Several HSH Nordbank AG affiliates filed two summonses with notice in New York state court on August 24, seeking damages, rescission and/or a declaratory judgment arising out of their purchase of roughly $524 million and $110 million in RMBS certificates from Morgan Stanley and Goldman Sachs, respectively. Other than the details relating to the particular defendants, the two summonses with notice are identical. In particular, in both cases HSH Nordbank alleges that offering materials provided by the Defendants contained material misrepresentations concerning the underwriting standards for the loans underlying the RMBS, the legal validity of the trusts and their entitlement to receive payments on the loans, the loans’ loan-to-value ratios, the percentage of owner-occupied properties, and the credit ratings assigned to the RMBS. Goldman Sachs Summons. Morgan Stanley Summons.

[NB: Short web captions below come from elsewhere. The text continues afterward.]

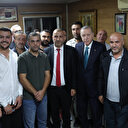 Cumhurbaşkanı Erdoğan Çankaya'da taksicilerle sohbet etti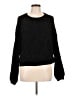 Sanctuary 100% Polyester Tweed Black Pullover Sweater Size L - photo 1
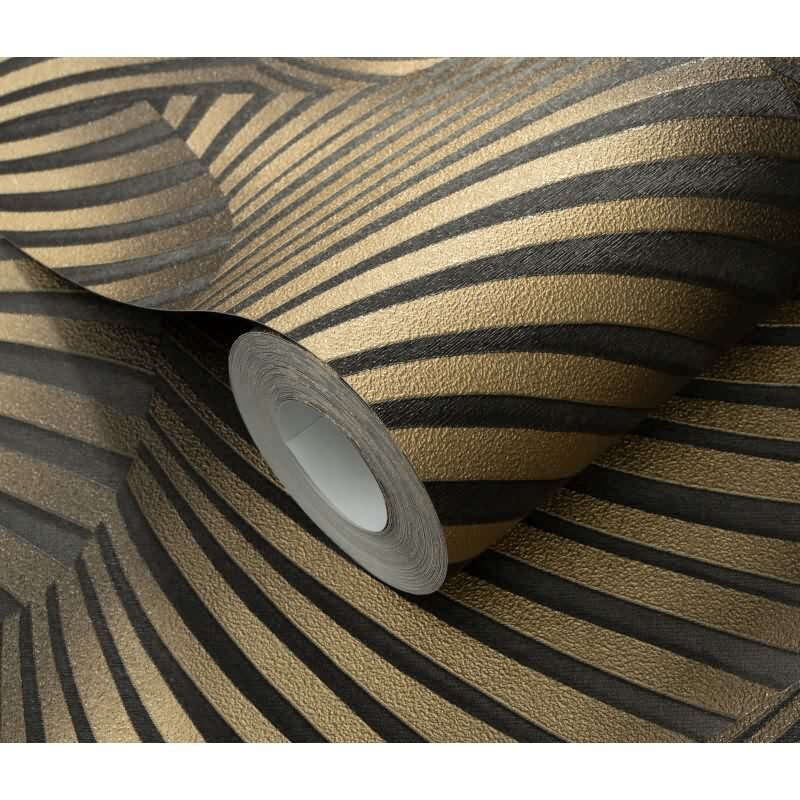 Tapete Schwarz, Anthrazit Erismann Tapete (1052515)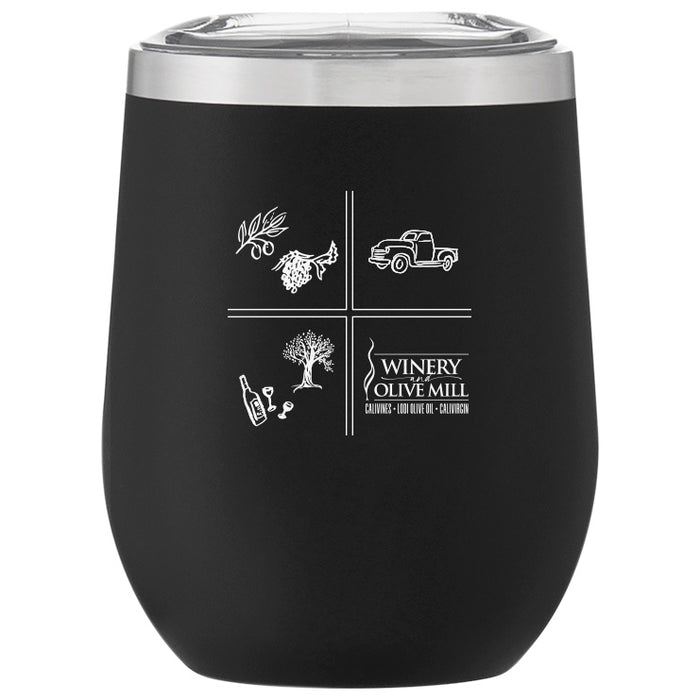 Custom Wholesale 12 Oz. Stainless Insulated Stemless Wine Cup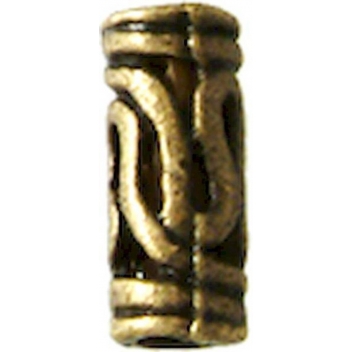 PM092B - 3660246115714 - MegaCrea - Perle métal tube 10 mm Bronze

On July 16, Judge Laura Swain of U.S. District Court for the Southern District of New York denied Morgan Stanley’s motion to dismiss a class action suit that alleges misrepresentations and omissions in the offering documents for numerous mortgage-backed securities. In its motion, Morgan Stanley argued that the claims were time-barred under the one-year statute of limitations for violations of Section 11 and Section 12(a)(2) of the 1933 Securities Act because, among other reasons, numerous news reports had been published more than one year before the complaint was filed that put Plaintiffs on inquiry notice of their claims. Judge Swain held that the statute of limitations begins running only when a plaintiff could have pled claims with sufficient particularity to state a facially plausible claim. In this context, she held that the earliest that could have occurred was when the securities at issue were downgraded to below investment-grade. She further held that while the news reports cited by Morgan Stanley painted a vivid picture of a distressed MBS industry, none of the reports referred to the entities involved in the origination or securitization of the loans backing Plaintiffs’ investments and therefore they did not provide Plaintiffs with sufficient information to state a facially plausible claim. Order.